Il y aura bien des procès au cours de l’automne et ils poseront que très imparfaitement la question des responsabilités en menant à l’échafaud l’un des plus grands ordonnateurs de tueries de la Révolution : le bourreau de la Vendée, Jean-Baptiste Carrier (1756-1794), celui-là même qui « expérimenta » des méthodes d’élimination comme les fameux « bateau à soupape » de Nantes ou les « mariages républicains » qui consistèrent à noyer des couples dénudés dans la Loire.
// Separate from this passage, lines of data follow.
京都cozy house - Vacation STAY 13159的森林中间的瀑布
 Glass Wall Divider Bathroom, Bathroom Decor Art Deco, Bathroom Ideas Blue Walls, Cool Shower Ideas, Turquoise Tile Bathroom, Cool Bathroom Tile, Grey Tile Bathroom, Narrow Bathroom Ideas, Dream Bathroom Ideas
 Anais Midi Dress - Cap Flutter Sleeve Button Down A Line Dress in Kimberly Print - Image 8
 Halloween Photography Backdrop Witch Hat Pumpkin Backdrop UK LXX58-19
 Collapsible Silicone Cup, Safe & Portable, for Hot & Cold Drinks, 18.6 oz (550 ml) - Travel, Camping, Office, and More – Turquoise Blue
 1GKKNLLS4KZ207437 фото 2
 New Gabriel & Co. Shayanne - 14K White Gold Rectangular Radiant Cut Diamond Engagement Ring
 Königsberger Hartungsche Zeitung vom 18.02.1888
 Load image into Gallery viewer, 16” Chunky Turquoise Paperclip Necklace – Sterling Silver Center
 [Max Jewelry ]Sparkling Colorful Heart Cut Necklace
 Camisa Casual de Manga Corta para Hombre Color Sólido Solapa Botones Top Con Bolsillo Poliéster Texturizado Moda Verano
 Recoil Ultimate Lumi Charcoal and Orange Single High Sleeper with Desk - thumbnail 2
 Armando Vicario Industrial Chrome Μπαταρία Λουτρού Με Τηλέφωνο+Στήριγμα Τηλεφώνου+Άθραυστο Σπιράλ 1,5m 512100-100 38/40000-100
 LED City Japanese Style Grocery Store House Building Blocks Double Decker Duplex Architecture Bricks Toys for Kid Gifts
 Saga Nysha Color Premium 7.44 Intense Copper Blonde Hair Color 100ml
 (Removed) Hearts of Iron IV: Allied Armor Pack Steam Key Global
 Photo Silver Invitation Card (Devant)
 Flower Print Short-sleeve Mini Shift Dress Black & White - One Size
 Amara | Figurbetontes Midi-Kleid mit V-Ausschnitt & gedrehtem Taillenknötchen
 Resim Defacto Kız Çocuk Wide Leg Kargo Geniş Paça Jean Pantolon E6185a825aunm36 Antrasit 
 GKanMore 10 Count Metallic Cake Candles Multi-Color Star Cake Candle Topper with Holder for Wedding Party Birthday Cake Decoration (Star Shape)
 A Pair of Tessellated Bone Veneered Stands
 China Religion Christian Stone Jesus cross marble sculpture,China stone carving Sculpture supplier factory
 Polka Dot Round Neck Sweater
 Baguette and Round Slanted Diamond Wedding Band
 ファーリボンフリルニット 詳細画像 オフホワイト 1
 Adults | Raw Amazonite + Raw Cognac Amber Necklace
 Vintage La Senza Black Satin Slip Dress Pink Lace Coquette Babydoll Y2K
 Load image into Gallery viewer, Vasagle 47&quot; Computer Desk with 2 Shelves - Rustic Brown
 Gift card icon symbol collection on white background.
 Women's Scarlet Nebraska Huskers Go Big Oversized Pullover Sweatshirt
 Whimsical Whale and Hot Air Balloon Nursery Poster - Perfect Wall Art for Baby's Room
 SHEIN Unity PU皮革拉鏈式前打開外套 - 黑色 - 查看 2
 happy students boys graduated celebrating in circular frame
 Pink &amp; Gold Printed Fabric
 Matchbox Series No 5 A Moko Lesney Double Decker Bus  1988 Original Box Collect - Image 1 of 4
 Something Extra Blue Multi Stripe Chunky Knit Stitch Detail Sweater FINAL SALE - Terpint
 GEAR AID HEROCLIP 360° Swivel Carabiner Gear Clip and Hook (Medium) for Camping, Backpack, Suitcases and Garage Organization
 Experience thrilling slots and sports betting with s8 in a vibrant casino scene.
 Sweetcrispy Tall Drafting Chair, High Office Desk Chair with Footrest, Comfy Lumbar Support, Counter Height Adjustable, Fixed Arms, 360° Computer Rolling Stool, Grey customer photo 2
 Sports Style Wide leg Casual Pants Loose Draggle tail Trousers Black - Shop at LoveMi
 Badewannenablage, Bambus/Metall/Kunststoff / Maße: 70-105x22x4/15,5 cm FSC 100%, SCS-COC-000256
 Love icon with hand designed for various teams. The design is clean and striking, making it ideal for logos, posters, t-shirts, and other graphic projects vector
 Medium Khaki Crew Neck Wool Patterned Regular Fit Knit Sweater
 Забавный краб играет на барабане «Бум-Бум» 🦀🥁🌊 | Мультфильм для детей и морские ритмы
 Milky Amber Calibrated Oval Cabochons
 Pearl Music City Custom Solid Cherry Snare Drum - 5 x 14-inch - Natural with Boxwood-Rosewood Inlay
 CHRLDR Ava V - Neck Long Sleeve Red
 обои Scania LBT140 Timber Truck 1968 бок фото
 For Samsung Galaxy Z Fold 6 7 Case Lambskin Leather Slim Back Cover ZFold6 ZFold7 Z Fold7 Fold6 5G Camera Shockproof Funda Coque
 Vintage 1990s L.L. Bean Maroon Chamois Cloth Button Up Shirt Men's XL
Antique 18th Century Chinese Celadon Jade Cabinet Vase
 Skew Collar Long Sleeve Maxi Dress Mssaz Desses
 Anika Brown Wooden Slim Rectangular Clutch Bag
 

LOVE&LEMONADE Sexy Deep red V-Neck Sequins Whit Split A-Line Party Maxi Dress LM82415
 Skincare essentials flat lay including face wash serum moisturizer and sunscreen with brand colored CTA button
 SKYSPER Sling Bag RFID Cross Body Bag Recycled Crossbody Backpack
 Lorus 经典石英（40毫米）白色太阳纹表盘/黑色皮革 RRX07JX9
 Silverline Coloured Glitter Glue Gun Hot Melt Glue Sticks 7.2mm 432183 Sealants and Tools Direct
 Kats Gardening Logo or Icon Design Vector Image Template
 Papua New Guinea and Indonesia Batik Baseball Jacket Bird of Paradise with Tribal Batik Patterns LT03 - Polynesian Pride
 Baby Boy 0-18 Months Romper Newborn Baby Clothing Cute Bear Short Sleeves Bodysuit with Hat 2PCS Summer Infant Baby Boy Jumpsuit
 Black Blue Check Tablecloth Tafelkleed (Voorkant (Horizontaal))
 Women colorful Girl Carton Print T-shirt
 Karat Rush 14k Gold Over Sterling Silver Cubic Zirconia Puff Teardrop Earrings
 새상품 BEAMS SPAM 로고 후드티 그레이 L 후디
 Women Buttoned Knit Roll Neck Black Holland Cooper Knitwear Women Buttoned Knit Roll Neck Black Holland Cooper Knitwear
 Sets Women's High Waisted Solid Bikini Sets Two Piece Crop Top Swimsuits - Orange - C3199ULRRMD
Marie-Joseph Chénier, dans son Ode à la calomnie en réponse à la queue de Robespierre venge, quant à lui la mémoire de son frère André, le poète, exécuté le 25 juillet et souhaite une régénérescence de la République sans tyran:
Et que Robespierre et complices/ Puissent, percés du même trait,/Dans l’oubli finir leur carrière/ Et dans la plus vile poussière/ Expier le mal qu’ils ont fait !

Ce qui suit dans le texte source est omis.